• [TASK STATEMENT] Beginning at the line that contains "close up of a coral snake" and finishing at the line that contains "New Funniest Cats", output the data below exactly. Include both end lines and no pictures.

• [AVAILABLE DATA]
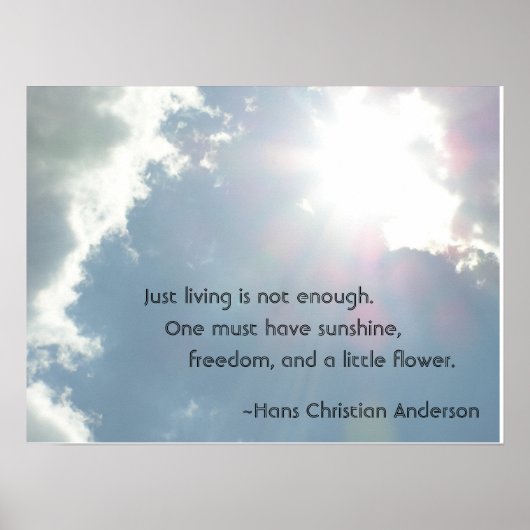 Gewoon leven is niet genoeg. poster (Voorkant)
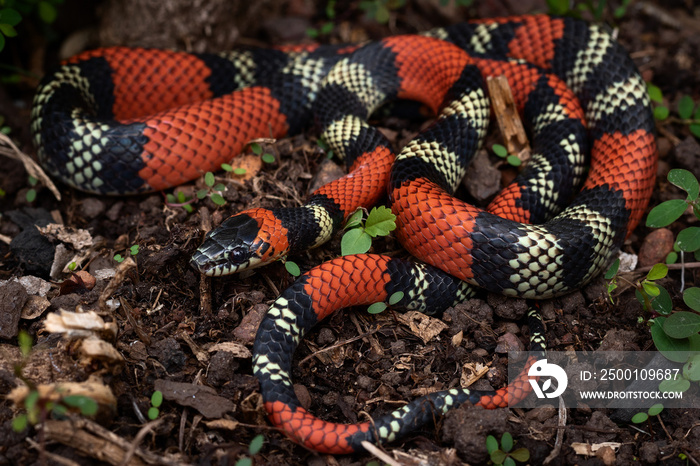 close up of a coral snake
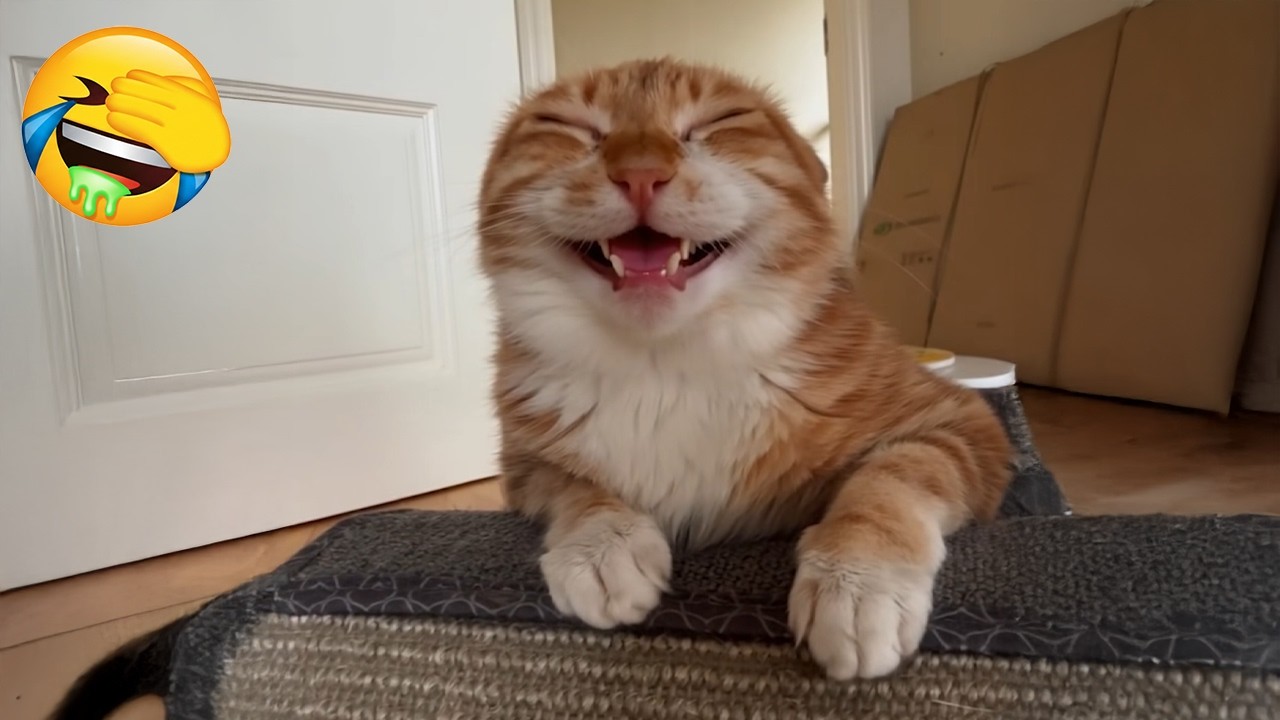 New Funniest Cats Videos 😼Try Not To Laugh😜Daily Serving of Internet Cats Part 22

---

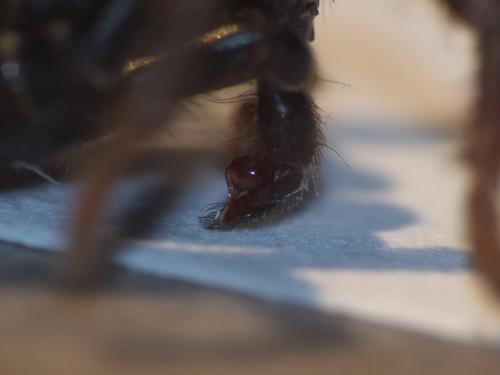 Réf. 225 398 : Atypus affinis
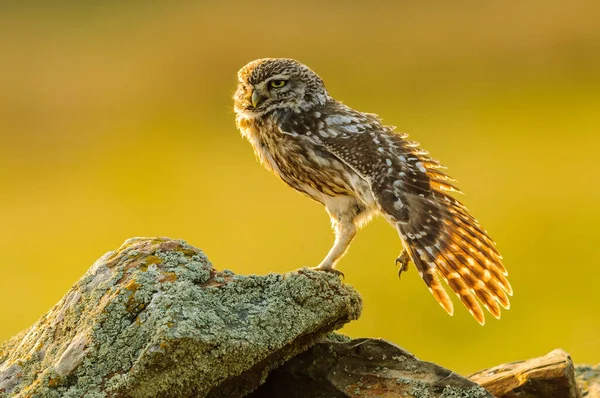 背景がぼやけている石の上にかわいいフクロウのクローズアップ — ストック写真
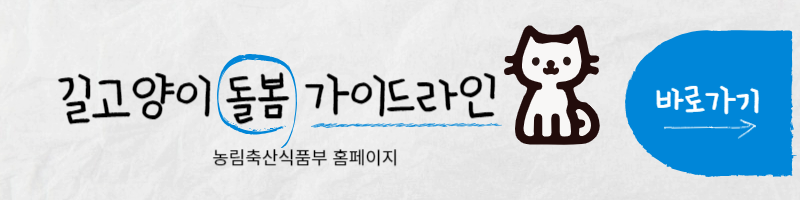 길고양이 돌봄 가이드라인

• [ANSWER SECTION]
 close up of a coral snake
 New Funniest Cats Videos 😼Try Not To Laugh😜Daily Serving of Internet Cats Part 22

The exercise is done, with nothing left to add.